[[ LISTED ENTRIES, beginning ]]

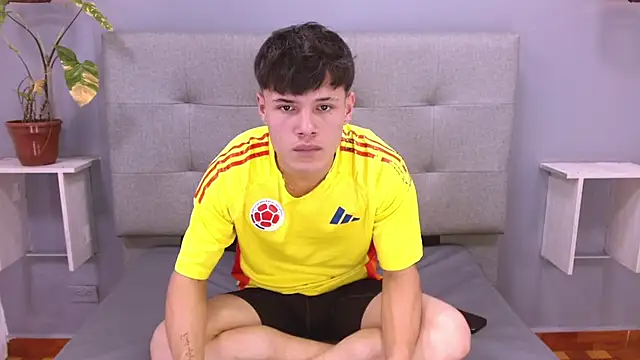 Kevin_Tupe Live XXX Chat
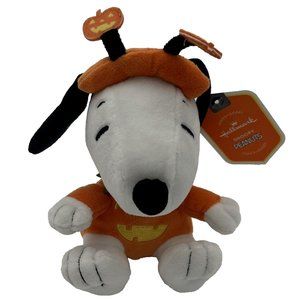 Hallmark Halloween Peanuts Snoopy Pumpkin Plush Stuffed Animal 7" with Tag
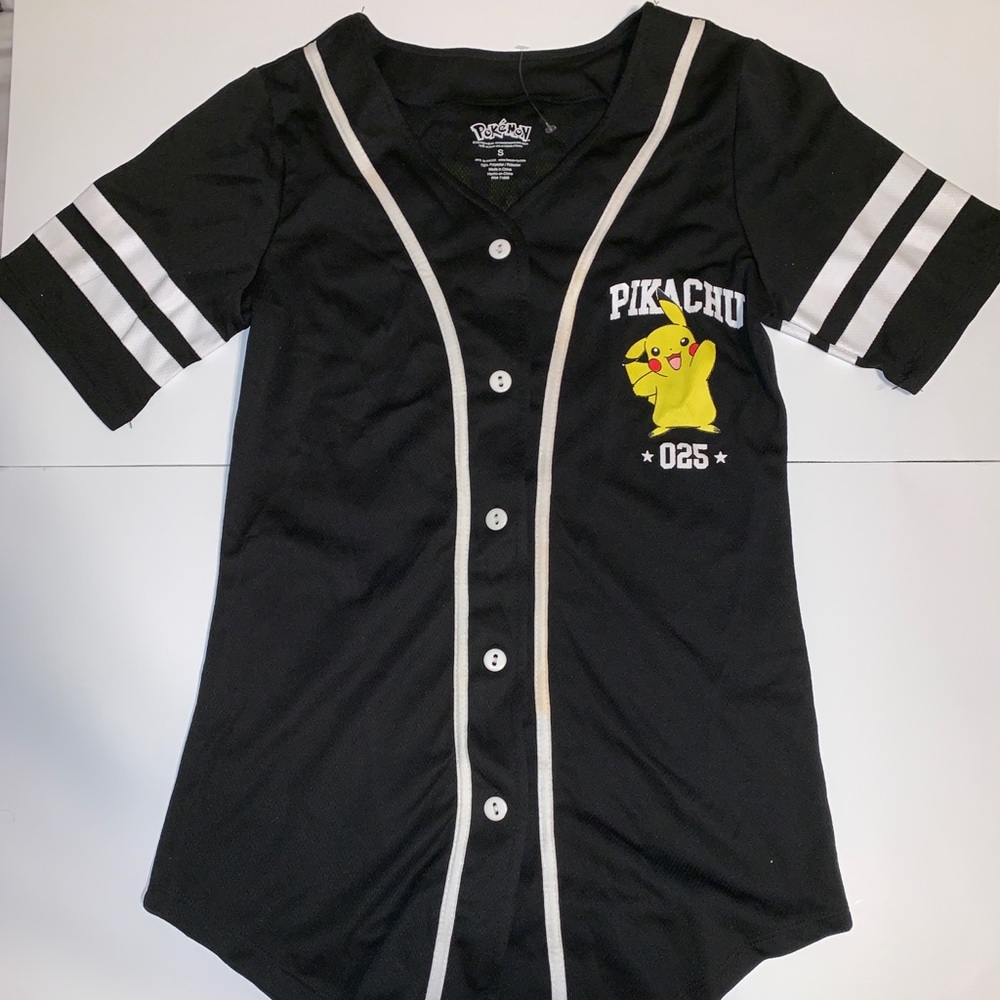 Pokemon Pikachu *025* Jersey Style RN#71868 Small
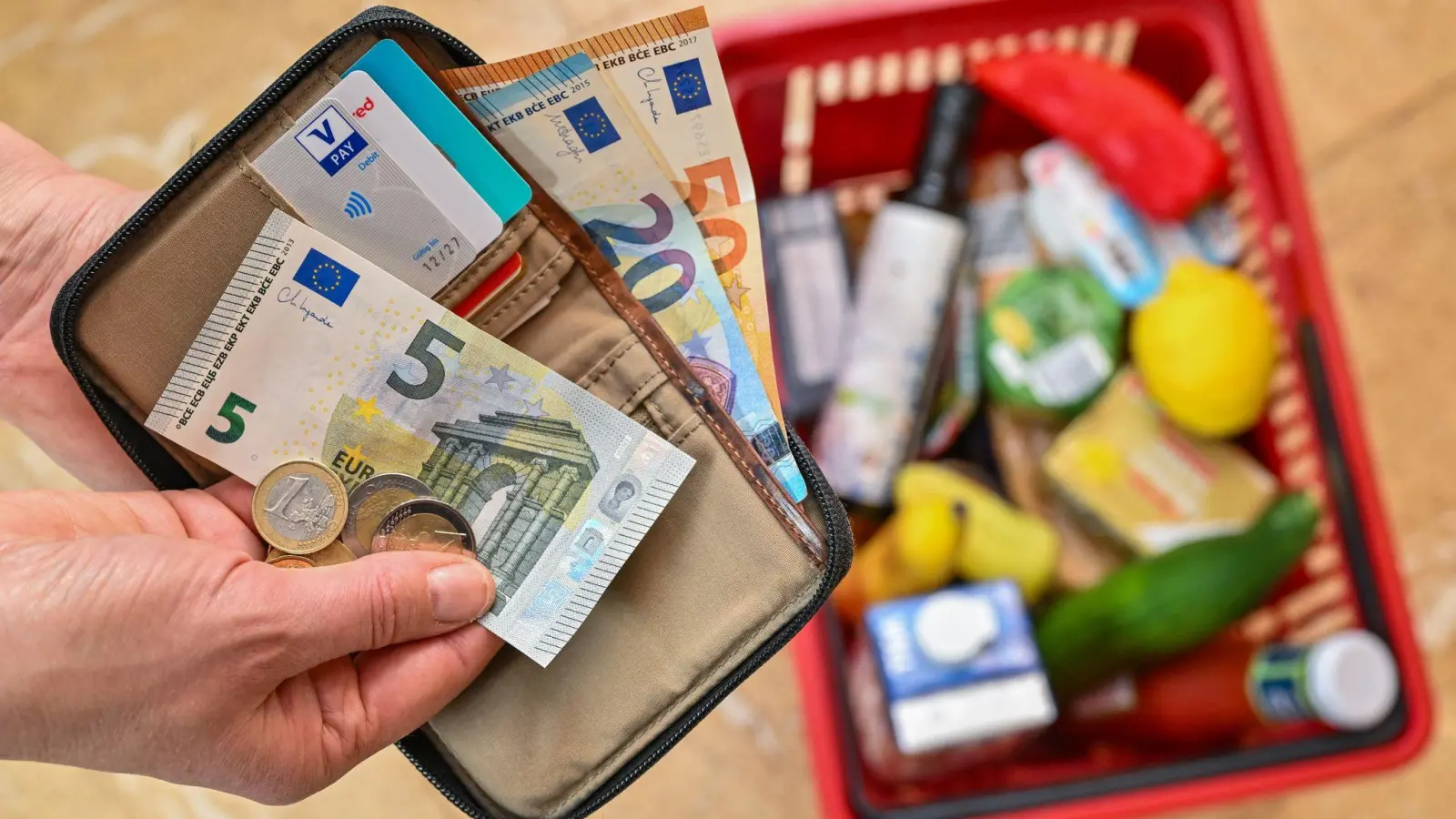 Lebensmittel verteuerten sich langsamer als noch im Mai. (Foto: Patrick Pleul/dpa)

[[ LISTED ENTRIES, end ]]
[[ LISTED ENTRIES, beginning ]]

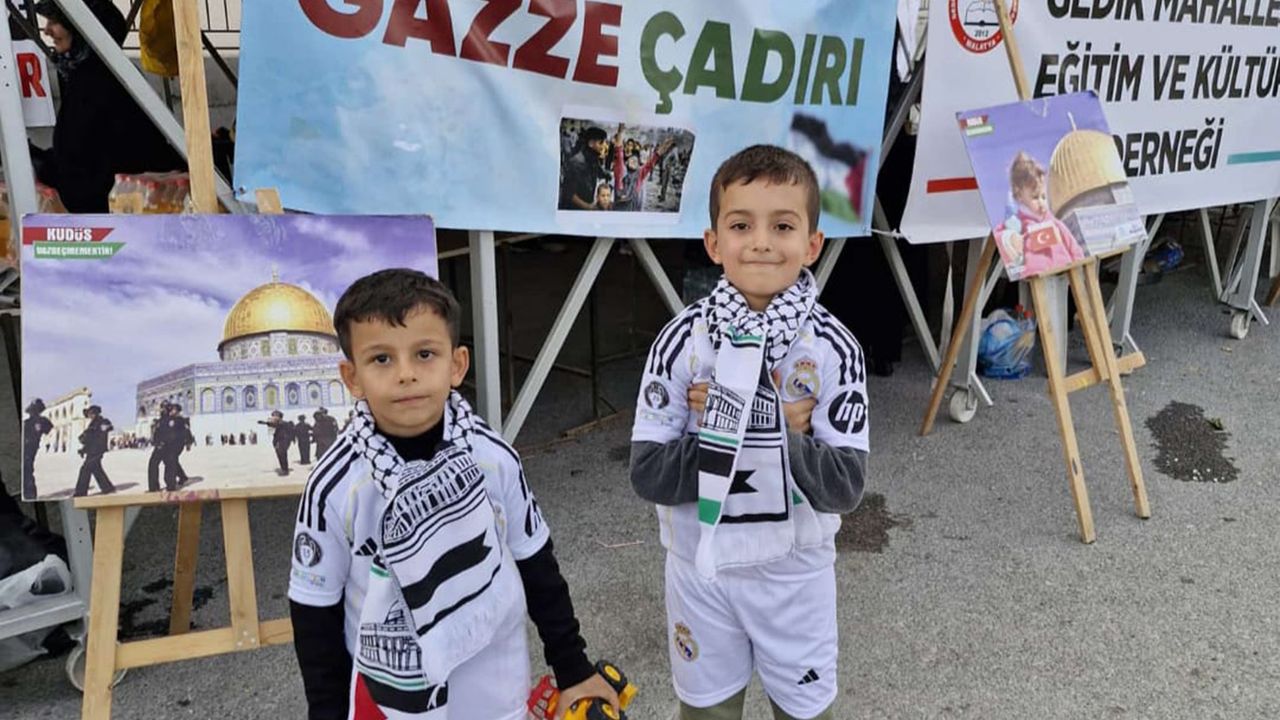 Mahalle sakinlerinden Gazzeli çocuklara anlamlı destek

[[ LISTED ENTRIES, end ]]
[[ LISTED ENTRIES, beginning ]]

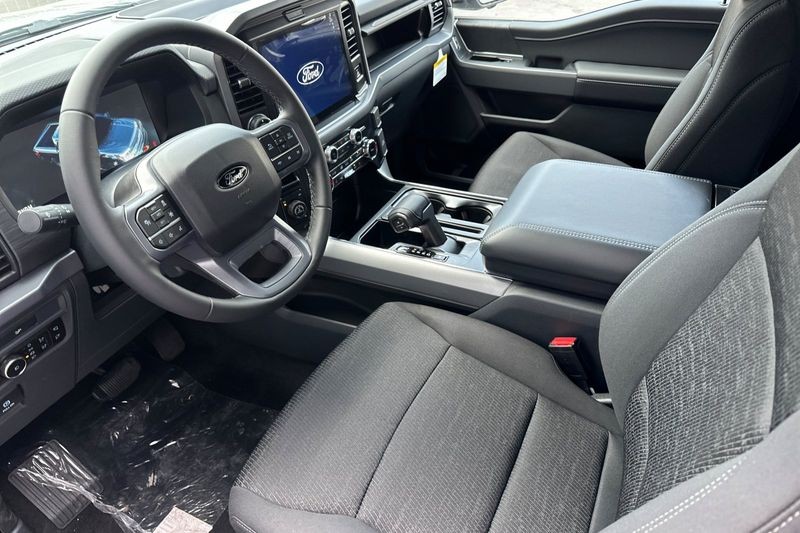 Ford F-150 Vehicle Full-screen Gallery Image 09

[[ LISTED ENTRIES, end ]]

Your answer should consist of the lines above between those holding "Pokemon Pikachu *025*" and "Lebensmittel verteuerten sich", inclusive, reproduced word for word and without pictures.

 Pokemon Pikachu *025* Jersey Style RN#71868 Small
 Lebensmittel verteuerten sich langsamer als noch im Mai. (Foto: Patrick Pleul/dpa)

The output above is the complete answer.